Keith Fink is an American attorney, author, and academic. He represented clients in a contract dispute with Ellen DeGeneres dubbed by the media as "Iggygate".[1]
After college, Fink taught debate at the Harvard-Westlake School while also editing a college debate handbook called Fink's Files, which provided analysis and arguments on the yearly college debate topic. Fink also taught Speech at Stephen S. Wise Temple.[5]
Fink began his legal career as an associate attorney at Cotkin, Collins & Franscell. He subsequently joined Kindel & Anderson. Fink later joined Baker & Hostetler.[7] During Fink's early years as an attorney, he successfully prosecuted numerous 42 U.S.C. § 1983 cases, leading to one that was heard by the Supreme Court of California in which Fink's client prevailed.[8][9][10][11][12][13][14]

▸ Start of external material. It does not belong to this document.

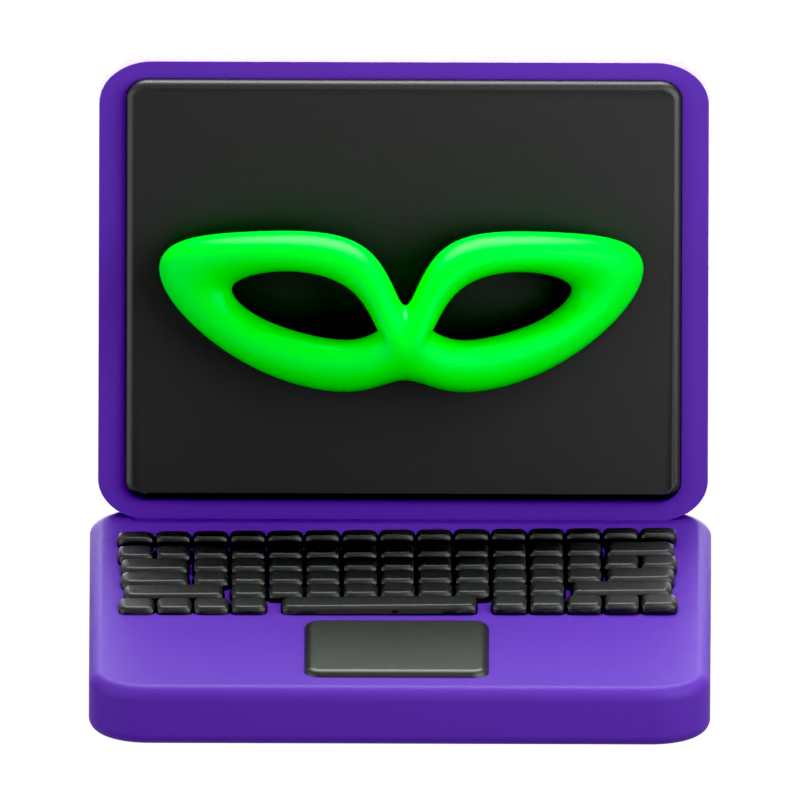 Cyber Laptop 3D Icon 3D Graphic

Fink's focus has gradually expanded to labor, employment, business, and commercial litigation. In March 1997, Fink founded Keith A. Fink & Associates, a boutique litigation firm that primarily handles employment discrimination law, labor, business, civil rights, and entertainment law matters.[citation needed]
Teaching
Fink began teaching as an adjunct professor at Southwestern Law School in 1993. He taught Civil Rights & Civil Liberties, Labor Law, Employment Discrimination, and Pretrial Civil Practice.[15]
In the 2007-2008 academic year, Fink stopped teaching at Southwestern Law School and began teaching at UCLA, his alma mater. For the next decade, Fink's teaching focused on the First Amendment, freedom of speech, employment law, entertainment law, and debate. Fink designed and taught four[16] courses: Race, Sex & Politics: Free Speech on Campus; Free Speech in the Workplace; Entertainment Law;[17] and Abortion, Gun Control, and the Death Penalty: Arguing Contemporary Social Issues.[18][19]
Throughout the first half of 2017, Fink was engaged in an academic freedom dispute with UCLA administrators, leading to Laura E. Gómez (the former Dean of Social Sciences) opting not to promote him to Continuing Lecturer, effectively ending his employment with the Department of Communication Studies on June 30, 2017.[3]